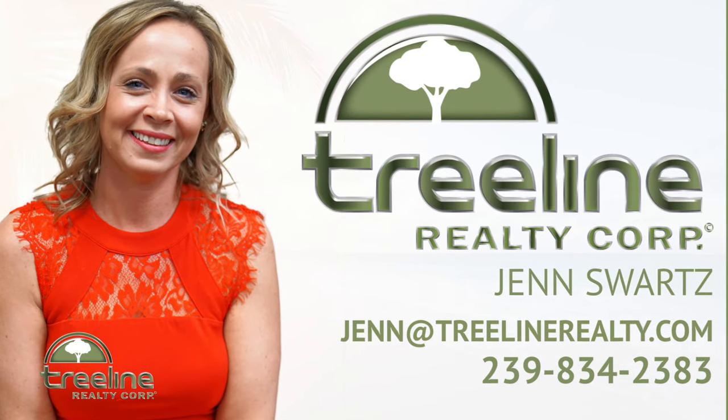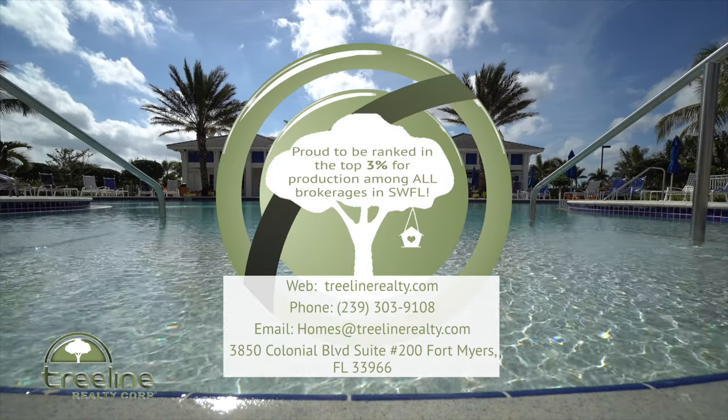I'm Matt Brown with Lennar Homes. If you are interested in looking at a Lennar Homes product anywhere in Southwest Florida, reach out to Jen — she is a new construction specialist with Treeline Realty. You can reach her at 239-834-2383 or via email at jen@treelinerealty.com. We look forward to working with you and showing you this beautiful community.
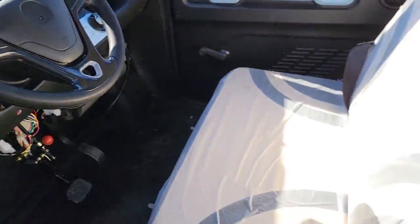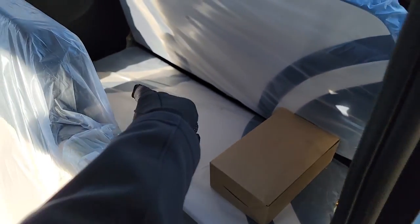In the back you have your seat — this will come forward. Your batteries are underneath the seat. And then you also have your seats in the back here, so you do have enough room for four passengers.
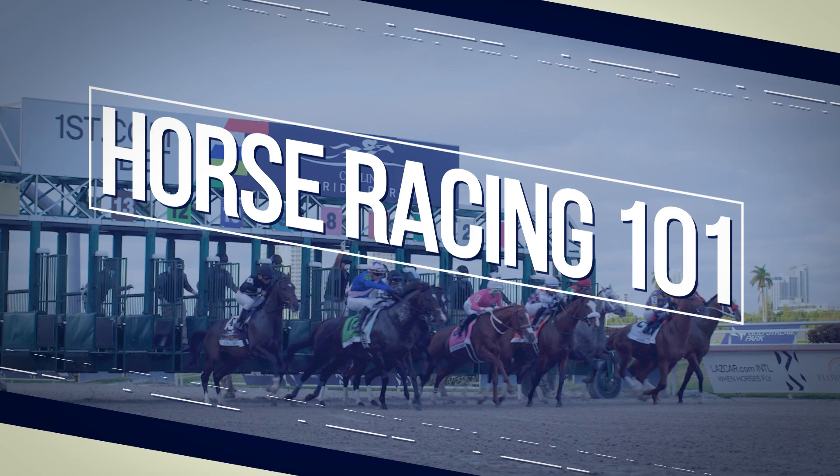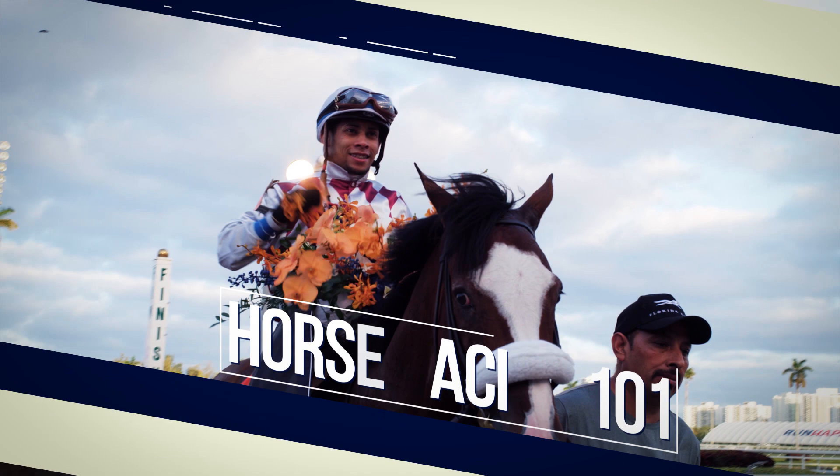Hey, everyone. My name is Acacia Courtney. I'm a racing analyst here at Gulfstream Park, and today we're talking about the claiming game. You may notice when you're looking through past performances on a particular race card, that you may see some horses in for what we call a tag.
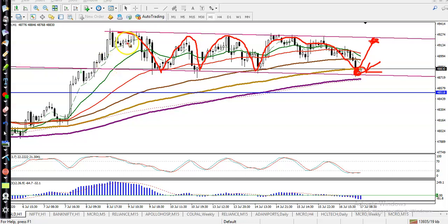Here you can see price is rejecting again and again from this area, and price is bouncing from this level. So we are expecting price to gradually bounce again from this area back up to the target level. Anyone looking for a buy should be watching this area.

*YOUR OBJECTIVE*. Restate each line from the start of the listing through the line bearing "In the back you" word for word. Drop the pictures.

*RESPONSE TO THIS TASK*.
I'm Matt Brown with Lennar Homes. If you are interested in looking at a Lennar Homes product anywhere in Southwest Florida, reach out to Jen — she is a new construction specialist with Treeline Realty. You can reach her at 239-834-2383 or via email at jen@treelinerealty.com. We look forward to working with you and showing you this beautiful community.
In the back you have your seat — this will come forward. Your batteries are underneath the seat. And then you also have your seats in the back here, so you do have enough room for four passengers.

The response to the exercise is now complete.